* **Problem statement**
Using the entries that follow, write out the line containing "Kieso, Weygandt, Warfield", the line containing "3D Photorealistic Rendering: Interiors", and every line between them, exactly and nothing else.

::: Record set :::

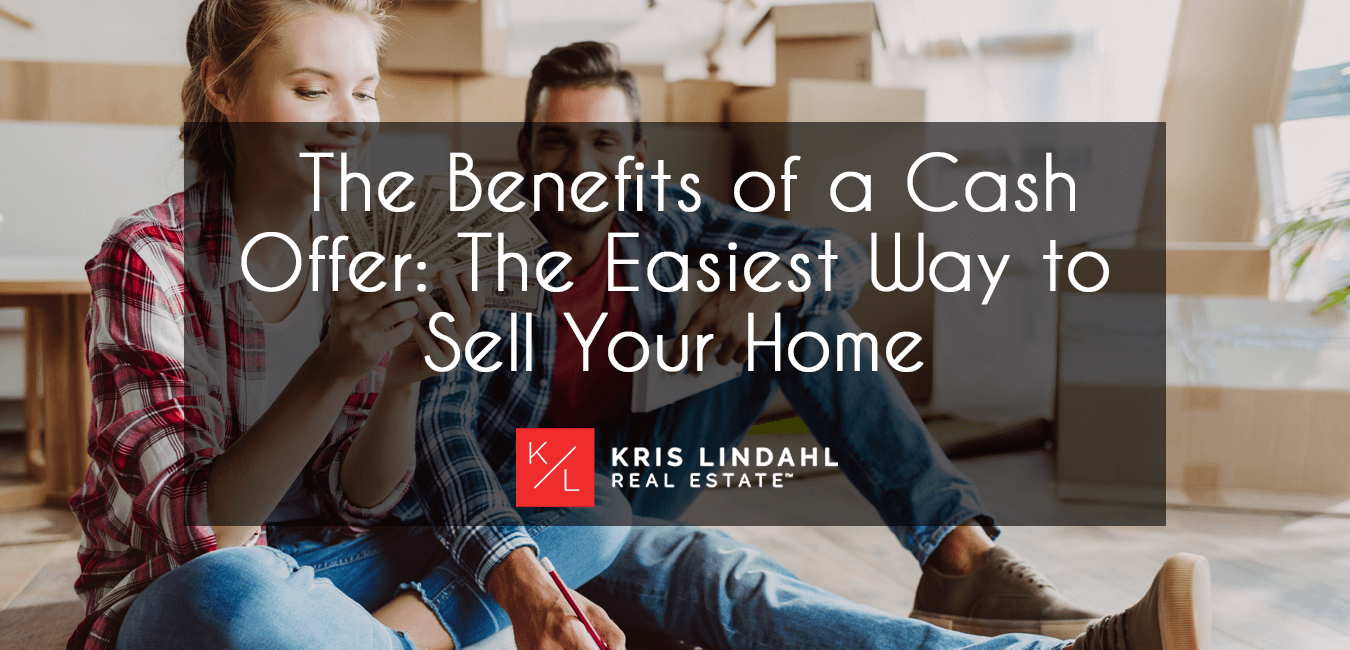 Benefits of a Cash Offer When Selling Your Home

:::
::: Record set :::

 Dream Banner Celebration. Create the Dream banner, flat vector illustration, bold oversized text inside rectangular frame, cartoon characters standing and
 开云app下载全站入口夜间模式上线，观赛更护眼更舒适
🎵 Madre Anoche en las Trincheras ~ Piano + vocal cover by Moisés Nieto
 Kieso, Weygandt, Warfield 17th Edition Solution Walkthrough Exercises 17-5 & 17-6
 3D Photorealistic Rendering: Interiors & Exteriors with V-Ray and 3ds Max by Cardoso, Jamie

:::
::: Record set :::

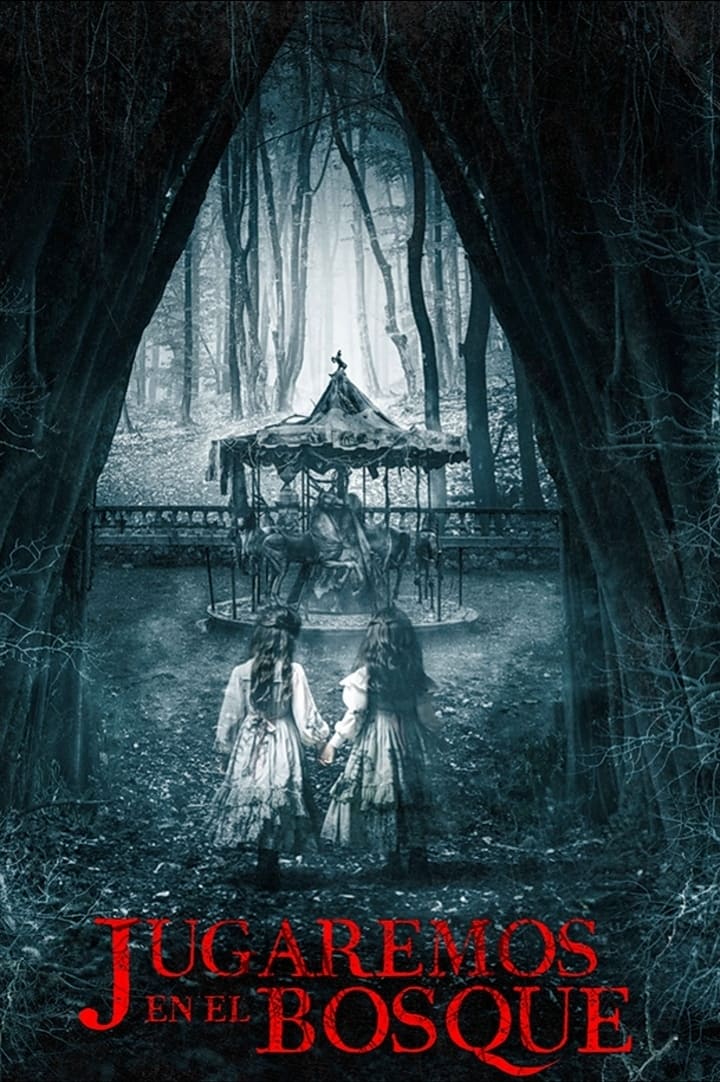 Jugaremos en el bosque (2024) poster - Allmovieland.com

:::

* **Exercise answer**
 Kieso, Weygandt, Warfield 17th Edition Solution Walkthrough Exercises 17-5 & 17-6
 3D Photorealistic Rendering: Interiors & Exteriors with V-Ray and 3ds Max by Cardoso, Jamie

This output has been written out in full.